Les manieurs d'argent à Rome jusqu'à l'Empire
§ 3. — Cessation du jeu sur les valeurs, au Forum et dans les basiliques.
Tout nous autorise à penser que le jeu sur les valeurs de bourse disparut, lorsque furent supprimées les sociétés par actions, et il n’y a rien de surprenant à cela. Les textes anciens qui se réfèrent à la pratique des jeux et à la place où ils se tenaient, viennent nous confirmer absolument dans cette opinion.
Jusqu’à Auguste, c’est au Forum que l’on trafique sur le taux de l’intérêt et des valeurs, c’est là que se font et se défont les fortunes. C’est du Forum que nous parlent Lucilius, Plaute et même Horace, lorsqu’ils nous entretiennent des joueurs de leur temps.

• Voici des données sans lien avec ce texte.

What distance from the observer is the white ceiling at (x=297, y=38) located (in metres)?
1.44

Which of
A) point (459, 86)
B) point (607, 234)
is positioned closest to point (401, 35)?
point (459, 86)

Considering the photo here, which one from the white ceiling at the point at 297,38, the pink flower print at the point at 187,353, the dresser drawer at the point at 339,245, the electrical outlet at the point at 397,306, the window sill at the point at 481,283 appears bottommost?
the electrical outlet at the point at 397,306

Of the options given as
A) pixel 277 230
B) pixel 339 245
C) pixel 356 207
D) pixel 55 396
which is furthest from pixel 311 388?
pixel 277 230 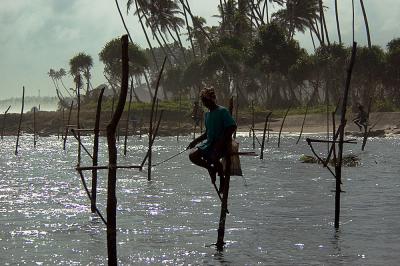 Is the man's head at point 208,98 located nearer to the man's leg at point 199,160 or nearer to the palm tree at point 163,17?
the man's leg at point 199,160

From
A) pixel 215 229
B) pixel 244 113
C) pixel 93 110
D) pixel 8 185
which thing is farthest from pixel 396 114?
pixel 215 229

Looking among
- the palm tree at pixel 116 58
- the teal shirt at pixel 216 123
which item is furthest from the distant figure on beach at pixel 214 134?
the palm tree at pixel 116 58

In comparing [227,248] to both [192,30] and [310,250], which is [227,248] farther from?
[192,30]

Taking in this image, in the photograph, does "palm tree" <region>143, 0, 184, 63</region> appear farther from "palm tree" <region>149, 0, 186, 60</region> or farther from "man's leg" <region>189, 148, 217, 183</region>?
"man's leg" <region>189, 148, 217, 183</region>

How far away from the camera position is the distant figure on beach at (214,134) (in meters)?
10.4

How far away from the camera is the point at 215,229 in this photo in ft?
45.3

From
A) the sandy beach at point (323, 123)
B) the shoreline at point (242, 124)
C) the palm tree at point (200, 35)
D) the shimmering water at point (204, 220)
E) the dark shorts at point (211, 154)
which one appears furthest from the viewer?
the palm tree at point (200, 35)

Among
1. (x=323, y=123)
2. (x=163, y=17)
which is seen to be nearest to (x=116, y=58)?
(x=163, y=17)

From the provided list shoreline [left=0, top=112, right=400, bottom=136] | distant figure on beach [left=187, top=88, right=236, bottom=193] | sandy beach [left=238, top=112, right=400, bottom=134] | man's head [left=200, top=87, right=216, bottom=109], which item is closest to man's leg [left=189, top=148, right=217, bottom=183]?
distant figure on beach [left=187, top=88, right=236, bottom=193]

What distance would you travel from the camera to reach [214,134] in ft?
34.2

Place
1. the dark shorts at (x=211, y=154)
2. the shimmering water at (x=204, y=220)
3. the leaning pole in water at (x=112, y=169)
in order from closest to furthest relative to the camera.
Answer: the leaning pole in water at (x=112, y=169) → the dark shorts at (x=211, y=154) → the shimmering water at (x=204, y=220)

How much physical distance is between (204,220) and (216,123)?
505 centimetres

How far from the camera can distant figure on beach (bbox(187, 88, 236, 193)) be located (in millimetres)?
10352

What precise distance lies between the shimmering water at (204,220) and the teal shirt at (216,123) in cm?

Alors c’était bien en trafiquant sur les affaires qui se pratiquent à la bourse, que l’on poursuivait les chances du jeu. « Aliena negotia curo, excussus propriis », dit le joueur d’Horace, qui a succombé auprès du Janus medius : « res mea ad Janum medium fracta est[585]. » Il ne s’agit pas là d’un vaincu de la table de jeu, mais du faiseur d’affaires ruiné et exécuté sur le marché. Aussi, c’est du haut des Janus, que sont proclamés les préceptes de la Fortune. « Hæc Janus summus ab imo prodocet. »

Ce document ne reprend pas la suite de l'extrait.